» EXERCISE AIM: Output the lines of the records exactly, from the first through the one containing "Foto de VENTA". Omit all pictures.

» EXERCISE DATA:

*** Begin section ***

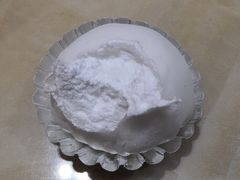 冰皮榴莲-明泉居茶点荟(车陂店)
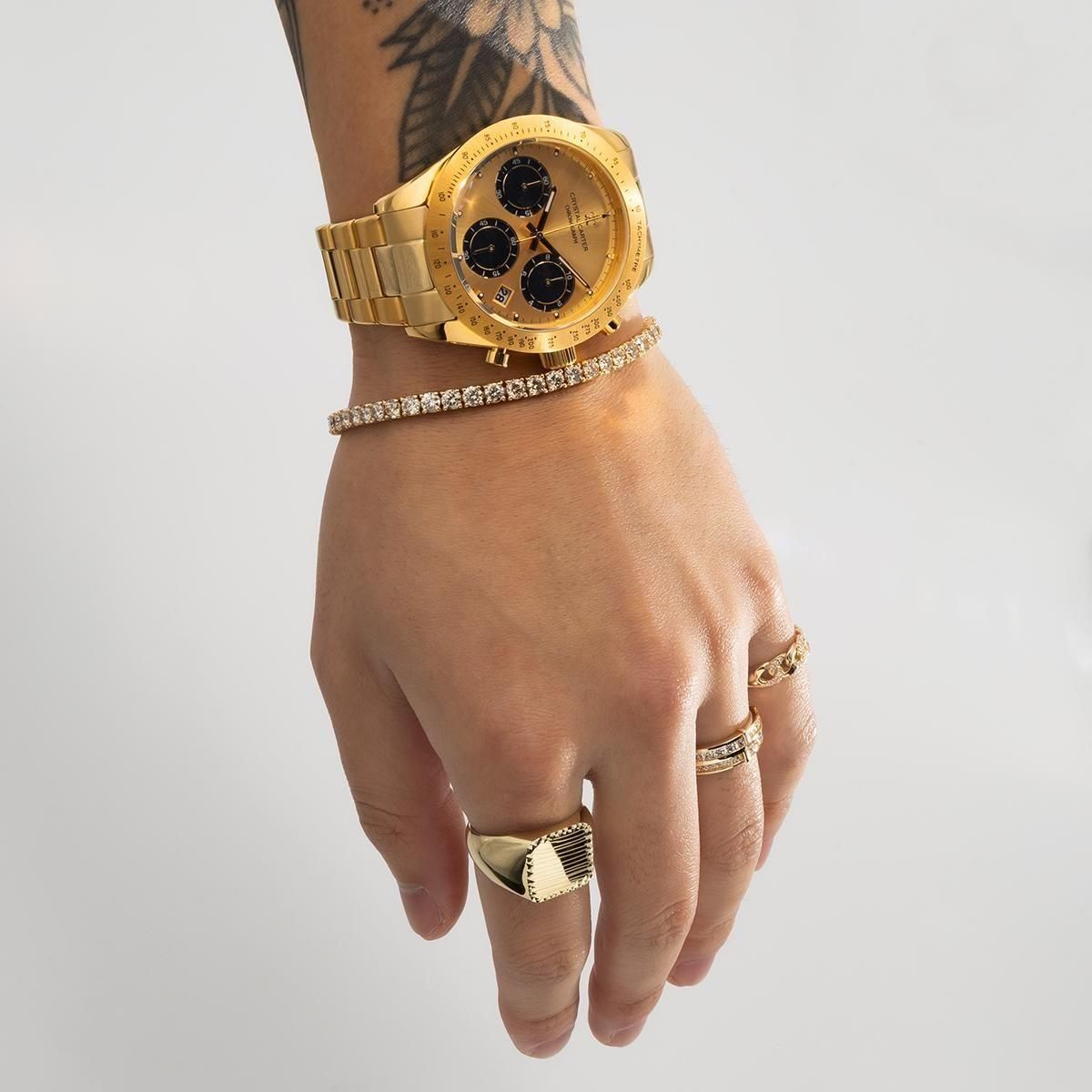 CRYSTAL CARTER - AVALANCHE OFFICIAL STORE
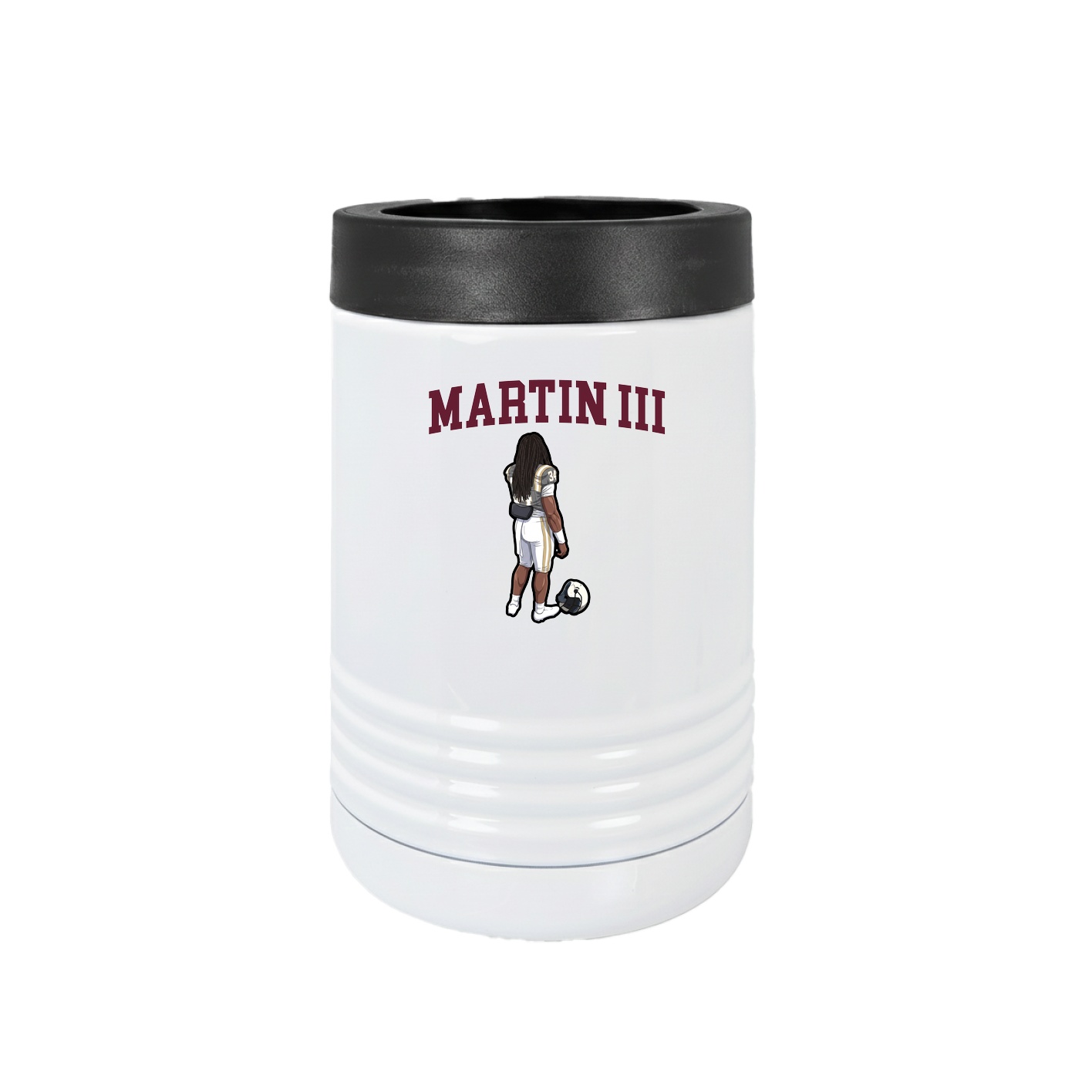 Beverage Holder — Shirsey in White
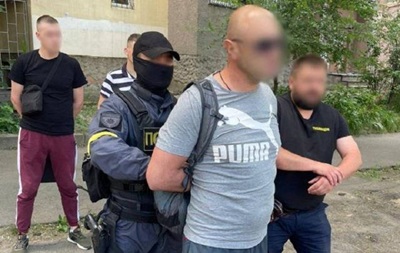 В Одесі затримали депутата облради на хабарі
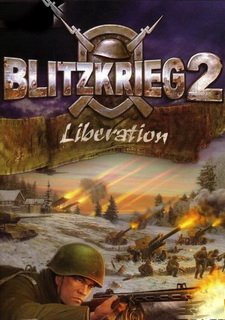 Blitzkrieg 2: Liberation Фото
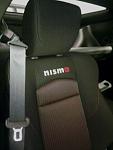 2012 370Z Nismo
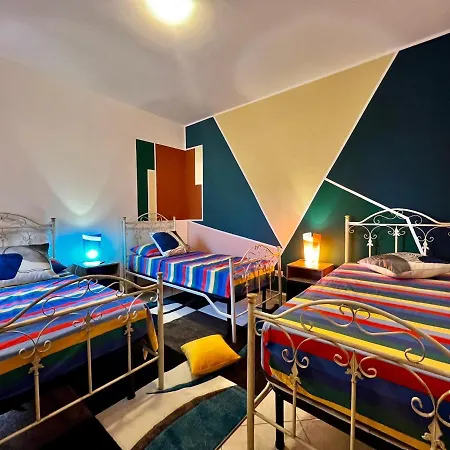 Casa Vacanze Da Zia Franca *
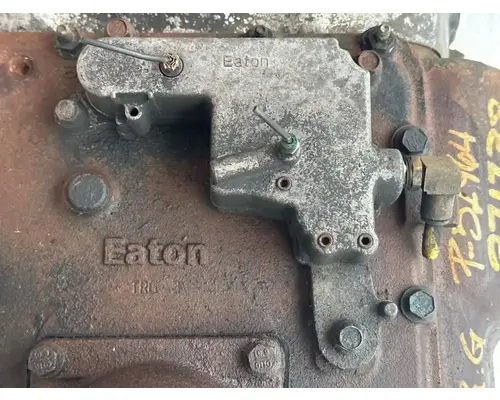 Eaton/Fuller FROF15210C Transmission Assembly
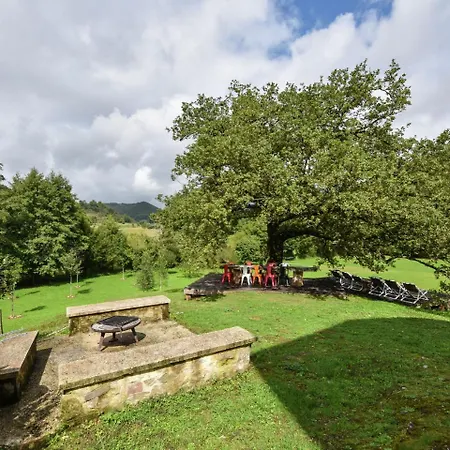 Lovely With Private Pool In Holiday home Terrou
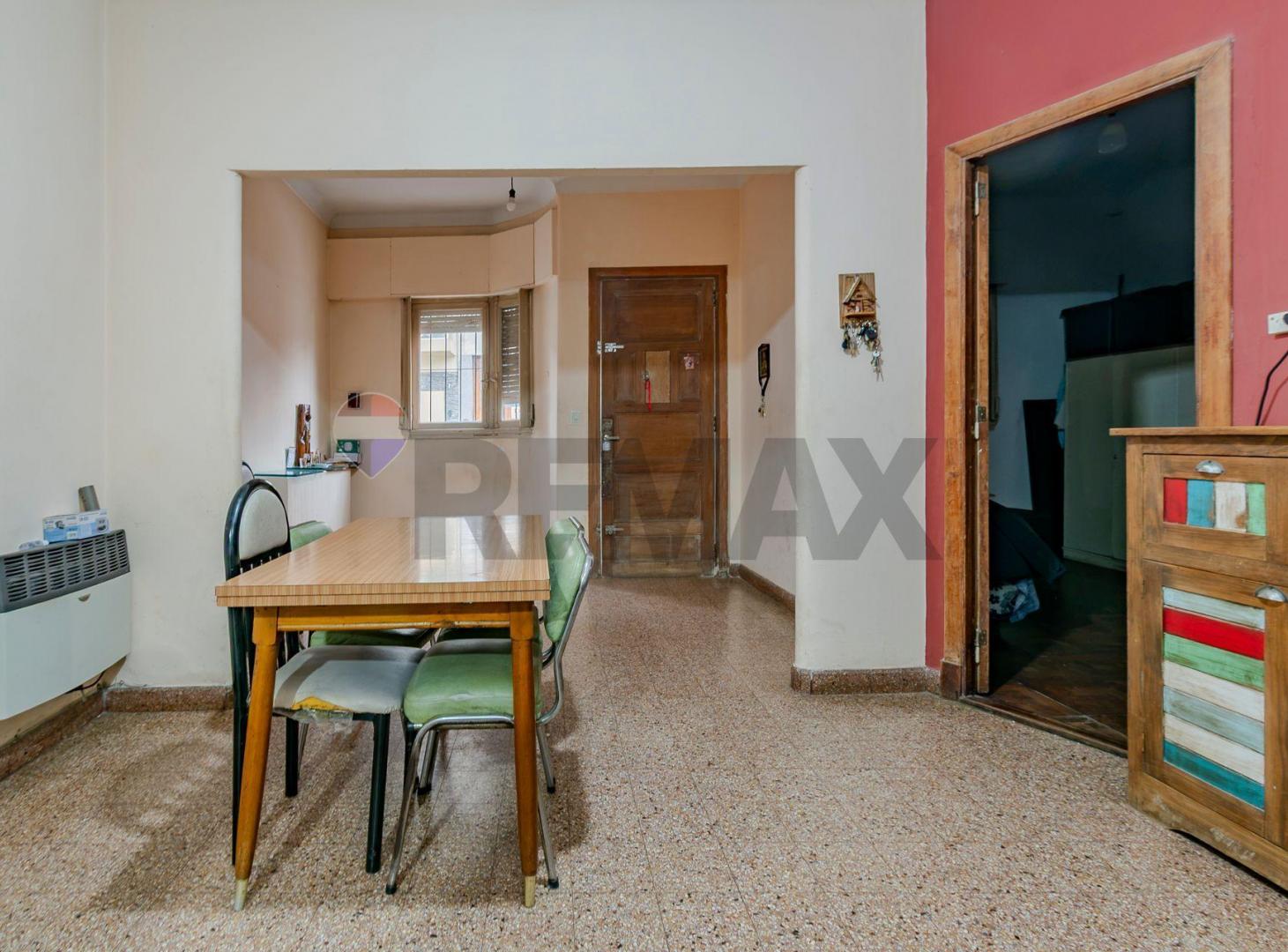 Foto de VENTA PH A RECICLAR EN MONTE CASTRO, imagen 2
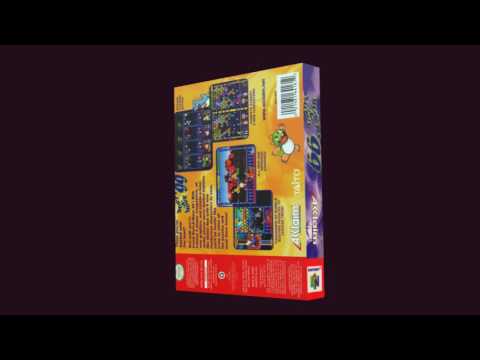 Bust A Move '99 chroma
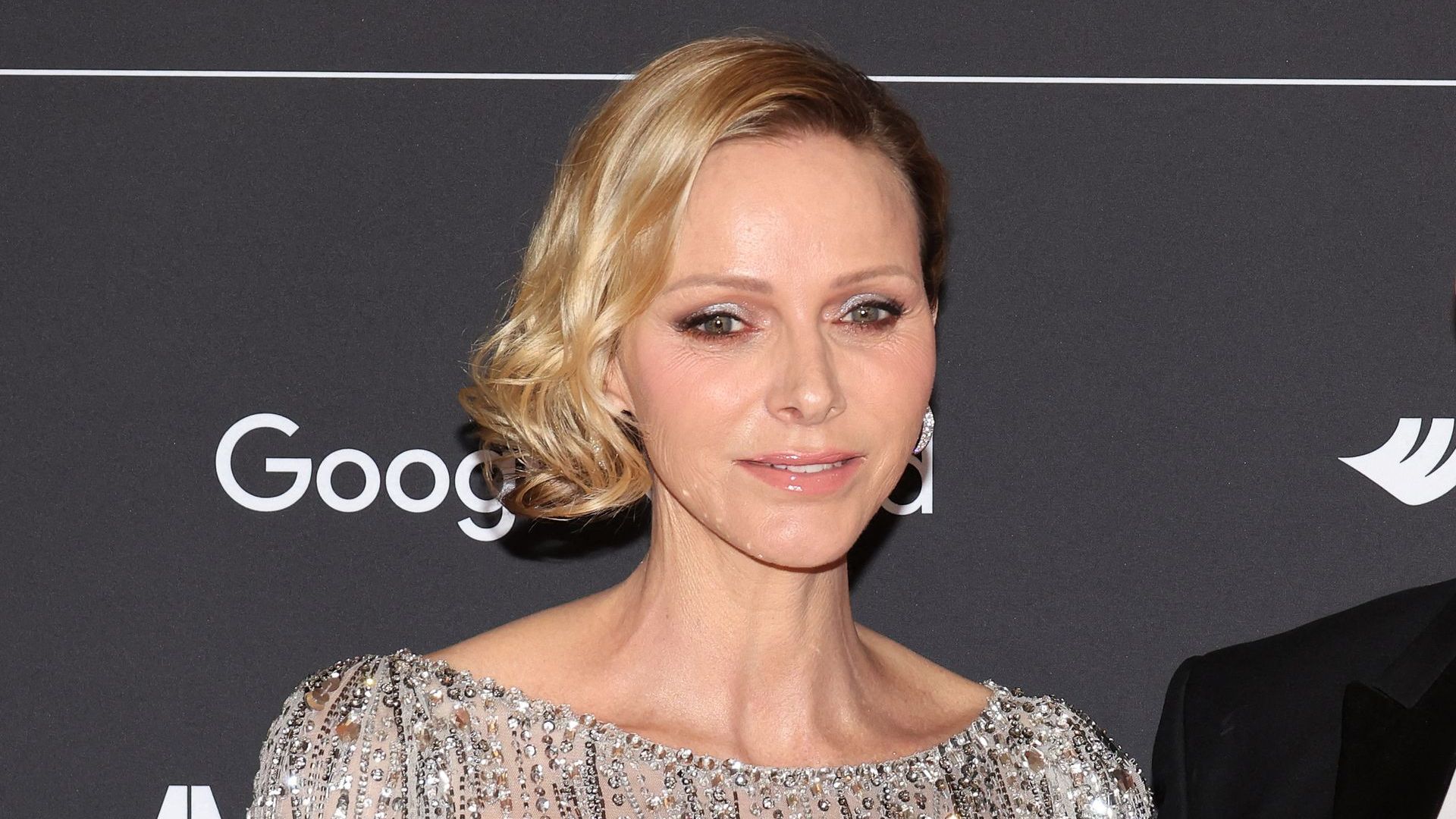 Princess Charlene of Monaco dazzles in Kate Middleton’s favorite designer at E-Prix Gala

*** End section ***

» SOLVED PROBLEM:
 冰皮榴莲-明泉居茶点荟(车陂店)
 CRYSTAL CARTER - AVALANCHE OFFICIAL STORE
 Beverage Holder — Shirsey in White
 В Одесі затримали депутата облради на хабарі
 Blitzkrieg 2: Liberation Фото
 2012 370Z Nismo
 Casa Vacanze Da Zia Franca *
 Eaton/Fuller FROF15210C Transmission Assembly
 Lovely With Private Pool In Holiday home Terrou
 Foto de VENTA PH A RECICLAR EN MONTE CASTRO, imagen 2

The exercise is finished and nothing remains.